Beatriz no concebía que alguien pudiera ser ateo. ¿Cómo lograban leer tantos libros, parecer tan seguros y centrados, si desconocían el más verdadero de los libros? Me contó que ni siquiera con sus padres podía hablar de esos temas. Su madre se había educado en un colegio de monjas donde le decían que leer la Biblia era pecado, y el padre se reía y no iba jamás a misa, aunque se había puesto orgulloso cuando ella tomó la comunión y la había llevado a casa de amigos y parientes.
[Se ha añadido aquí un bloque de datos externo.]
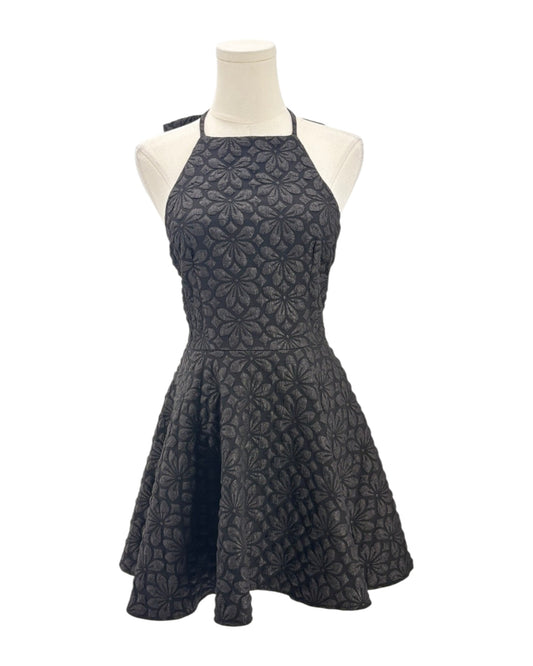 Black dress on a mannequin against a white background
–Tendrías que haberme visto –señaló risueña– con el vestido blanco, armado sobre enaguas almidonadas, una especie de horno de pan ambulante.
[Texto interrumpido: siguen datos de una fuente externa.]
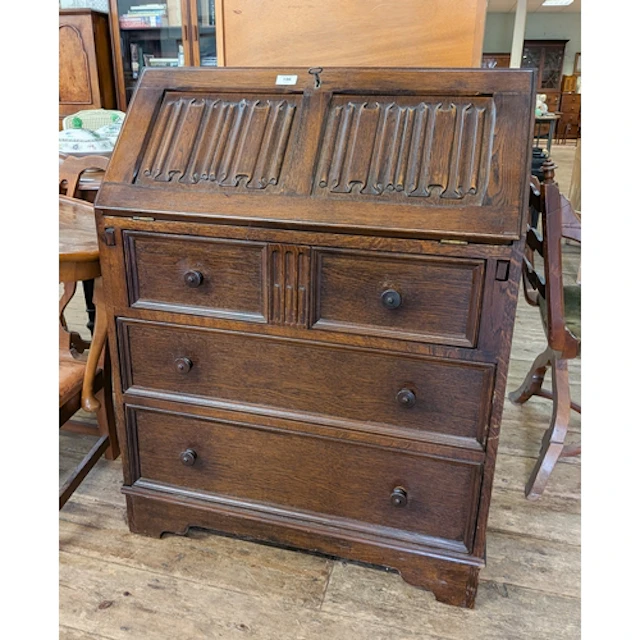 A reproduction oak linen fold panel carved writing bureau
Hubo otras marchas después de aquella y dos veces tomamos el colegio, aunque mucho más tarde comprendí que la nuestra había sido una lucha desigual: los otros tenían demasiado poder, y finalmente quedó consagrada la enseñanza libre. Helena y Federico se sintieron muy mal. En sus casas se hablaba de las sucesivas traiciones de un presidente en el cual se habían cifrado muchas esperanzas. Como sus padres, ellos pensaban que la tan cacareada batalla del petróleo había sido perdida y no ganada con la firma de contratos que colocaban en manos extranjeras los recursos naturales. El gobierno había llegado al poder respaldado por una coalición de fuerzas que cada vez se sentía más estafada.
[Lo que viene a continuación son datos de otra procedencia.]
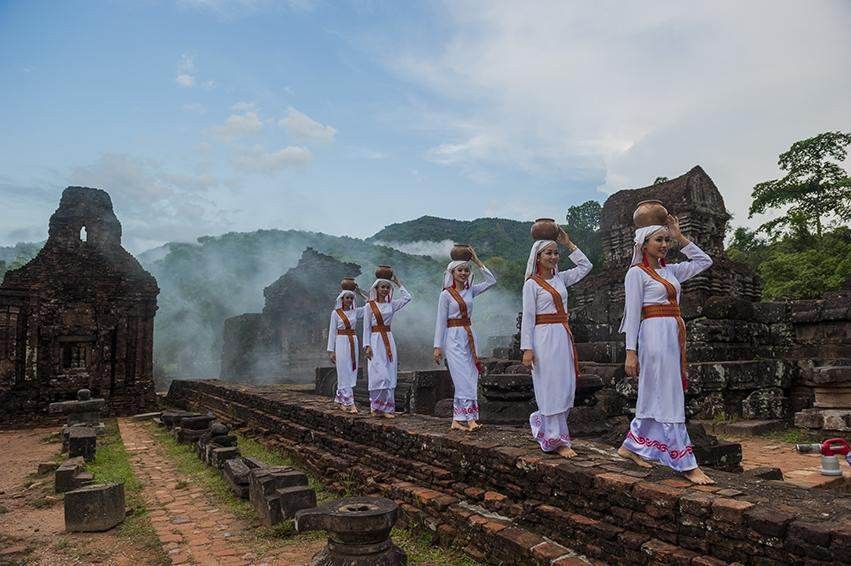 A group of women in white dresses with orange sashes holding pots on their heads Description automatically generated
A Beatriz la política le interesaba poco, pero le gustaba participar de los debates. Admiraba la brillante elocución de Federico y el riguroso encadenamiento de sus razones que le describían un mundo ordenado al que era posible acceder si uno se mantenía en sus principios. Un día me contó que a veces la conmovía la voz afinada de Helena cuando leía algún párrafo de esos libros que a ella le resultaban tan arduos. En una ocasión había comprado “El engranaje” de Sartre, para sacar alguna conclusión atrayente y despertar la atención de sus amigos intelectuales, pero terminó identificándose con François, quien después de encabezar la rebelión para destituir a Jean, por considerarlo un traidor, acabó pactando con los poderosos intereses extranjeros porque sostenía que no se podía emprender un camino diferente. Fue a partir de esa vez cuando Federico y Helena empezaron a alejarse de ella. Beatriz mostraba en esa época un lado práctico en su carácter y en el fondo pensaba que los gobernantes prometían mucho pero cumplían muy poco, porque tenían que conciliar intereses contrarios, y puestos en la balanza, unos pesaban más que otros.
El día en que fuimos a ver “El jefe”, hacía poco que se había levantado el estado de sitio. A Beatriz, le gustó la película y dijo que Alberto de Mendoza estaba genial en ese papel de dominador prepotente.
–¿A quién les hace acordar ese jefe fuerte y sabio que se muestra débil y cobarde cuando aparecen los problemas? –preguntó Federico, y Beatriz se apuró en contestar para recibir su aprobación:
–A François, en “El engranaje”.
–No te vayas tan lejos, Beatriz, acá lo tenés, mucho más cerquita. Es el presi que ganó las elecciones con el apoyo del peronismo y ya en el poder reprimió y encarceló a los obreros que querían festejar el 17 de octubre, y al final decretó el estado de sitio para tener contentos a los milicos.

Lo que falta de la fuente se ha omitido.